Funny you should mention Alkyd. I was about to mention it as a good paint for metal. I know someone who does very nice silkscreens on watch dials using Alkyd.


----------



## McHaggis (Jun 12, 2015)

randallzadar said:


> Here is a Timex that had a completely ruined dial. Decided to do something fun with this one. I get so many comments when wearing this watch.
> 
> View attachment 4413650


how did you get that effect, I haven't seen anything like that before?


----------



## Archer (Apr 23, 2009)

Somewhere else said:


> Painting leaves brush strokes.


Only if you use a brush...


----------



## salayc (Mar 29, 2012)

Somewhere else said:


> No they are not. Painting leaves brush strokes.


If a watch dial is painted, it is frequently done by spraying although there are some other trade secret ways to paint the dial. Note that many dials are chemically treated brass to get their background color: Rolex, for example.



Somewhere else said:


> The base color of the dial is done by pad printing. Visit a dial printer some time.

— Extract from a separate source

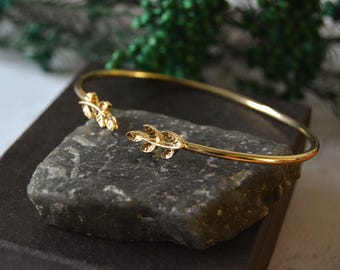 Vintage Gold Tone Leaf Cuff Bracelet, Minimalist Nature Inspired Bangle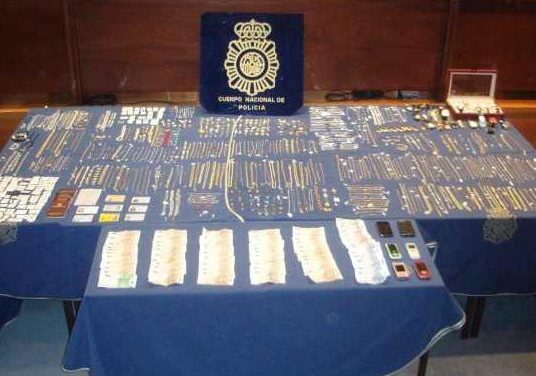 La Policía Nacional desarticula una banda que robó joyas valoradas en 100.000 euros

I have been to many and I have owned a pad printer and printed my own dials. I have never seen the background pad printed. It would actually pose a problem to pad print a background: how would the dial be held in place and not stick to the pad if the entire surface were to be printed?

You can also view online videos showing the process and the various techniques.

You can see around 3:00 in this video a dial by IWC being pad printed 



 In this case the dial background is already finished. Judging by the look of the dial, it has been chemically treated and then clear coated prior to the pad print, although in the case of many of the flieger watches, IWC paints by spray.

Here's Glashutte: 



 at 1:35 you can see them finishing the background with German Silver.

Here is Quadrance producing for Parmigiani with silver and spray finishing: 




Franck Muller who chemically treat and then clear coat and polish before pad printing and luming with a Zeller Stylograph: 




Might as well throw in a wonderful pad printing example by Hajime Asaoka, as you can see his dials are already finished before printing, and you can also see the physical problem that trying to pad print an entire background would present: 




This is not to say that watches are never or cannot be brush painted. It is done, although rarely, which was my original point. In order to get a professional result, it's advisable to stick with the tried and true techniques.


----------